I also was having my abdomen roughly massaged in order to help my uterus contract back down and stop more bleeding. Super painful by the way. I had Vitamin K shots administered into my upper arm multiple times to try and help stop the bleeding as well. I was given Cytotec pills to help my uterus contract and shrink back down- again, to stop the bleeding. The pills stayed in my extrememly dry cheeks for over an hour and weren’t dissolved as they should have been until I washed them down with water back in my labor and delivery room.

This whole experience was very scary (and incredibly uncomfortable/painful) to me, and at one point I even remember praying that I would be able to hold my babies before I died (I know, dramatic, but I truly had the fear that I might die from blood loss or a heart attack.)
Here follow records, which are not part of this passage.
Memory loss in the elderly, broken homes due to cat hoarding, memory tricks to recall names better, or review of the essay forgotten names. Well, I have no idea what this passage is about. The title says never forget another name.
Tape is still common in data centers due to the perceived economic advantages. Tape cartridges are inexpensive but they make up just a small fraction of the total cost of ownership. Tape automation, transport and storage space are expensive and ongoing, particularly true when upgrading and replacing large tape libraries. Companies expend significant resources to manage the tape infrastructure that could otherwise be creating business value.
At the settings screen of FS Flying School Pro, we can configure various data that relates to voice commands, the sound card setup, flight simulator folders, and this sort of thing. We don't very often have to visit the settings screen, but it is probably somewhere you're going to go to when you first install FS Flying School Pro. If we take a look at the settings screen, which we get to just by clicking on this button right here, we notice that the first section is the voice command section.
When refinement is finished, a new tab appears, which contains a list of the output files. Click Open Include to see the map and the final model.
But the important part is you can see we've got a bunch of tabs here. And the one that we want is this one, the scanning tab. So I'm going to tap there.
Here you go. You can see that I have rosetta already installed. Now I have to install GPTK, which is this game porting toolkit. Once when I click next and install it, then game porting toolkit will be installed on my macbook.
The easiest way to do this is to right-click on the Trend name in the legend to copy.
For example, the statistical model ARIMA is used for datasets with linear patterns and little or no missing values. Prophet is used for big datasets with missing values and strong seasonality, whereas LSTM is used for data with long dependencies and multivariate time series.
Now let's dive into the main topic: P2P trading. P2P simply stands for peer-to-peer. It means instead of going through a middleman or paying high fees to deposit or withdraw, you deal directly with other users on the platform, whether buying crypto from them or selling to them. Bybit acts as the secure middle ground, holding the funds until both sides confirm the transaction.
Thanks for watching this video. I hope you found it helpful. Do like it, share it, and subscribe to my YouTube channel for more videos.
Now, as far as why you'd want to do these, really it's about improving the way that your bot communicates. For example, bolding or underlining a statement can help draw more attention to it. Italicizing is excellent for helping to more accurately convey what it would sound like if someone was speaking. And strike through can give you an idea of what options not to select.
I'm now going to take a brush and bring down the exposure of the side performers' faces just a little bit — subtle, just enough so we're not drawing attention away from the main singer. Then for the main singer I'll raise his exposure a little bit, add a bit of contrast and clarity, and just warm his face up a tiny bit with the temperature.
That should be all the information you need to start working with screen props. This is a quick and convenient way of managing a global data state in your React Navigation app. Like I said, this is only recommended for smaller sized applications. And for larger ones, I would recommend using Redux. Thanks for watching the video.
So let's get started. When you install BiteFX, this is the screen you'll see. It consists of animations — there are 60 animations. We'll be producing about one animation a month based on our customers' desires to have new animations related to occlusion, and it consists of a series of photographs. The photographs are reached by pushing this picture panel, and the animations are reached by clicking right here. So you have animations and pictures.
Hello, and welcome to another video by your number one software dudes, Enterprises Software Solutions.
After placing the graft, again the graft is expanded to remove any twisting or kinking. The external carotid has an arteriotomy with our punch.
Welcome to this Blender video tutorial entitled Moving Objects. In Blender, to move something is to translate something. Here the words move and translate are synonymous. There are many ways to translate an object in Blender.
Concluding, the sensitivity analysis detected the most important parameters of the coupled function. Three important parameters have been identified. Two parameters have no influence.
My husband, on the other hand was not concerned for me (he was in medical school at the time, so he was used to seeing these types of situations). He was happily video taping the babies- and at one point he tried to give me baby B to hold, but I was shaking too uncontrollably to be able to hold him. Our first family photo was taken by a nurse. In it my husband is holding the babies and I am laying on the table with my oxygen mask on looking pale and half dead. Not something I’ll be posting on Facebook that’s for sure.

Once they got me stitched up, they wheeled me (still attached to the transfusion bags) back to my labor and delivery room.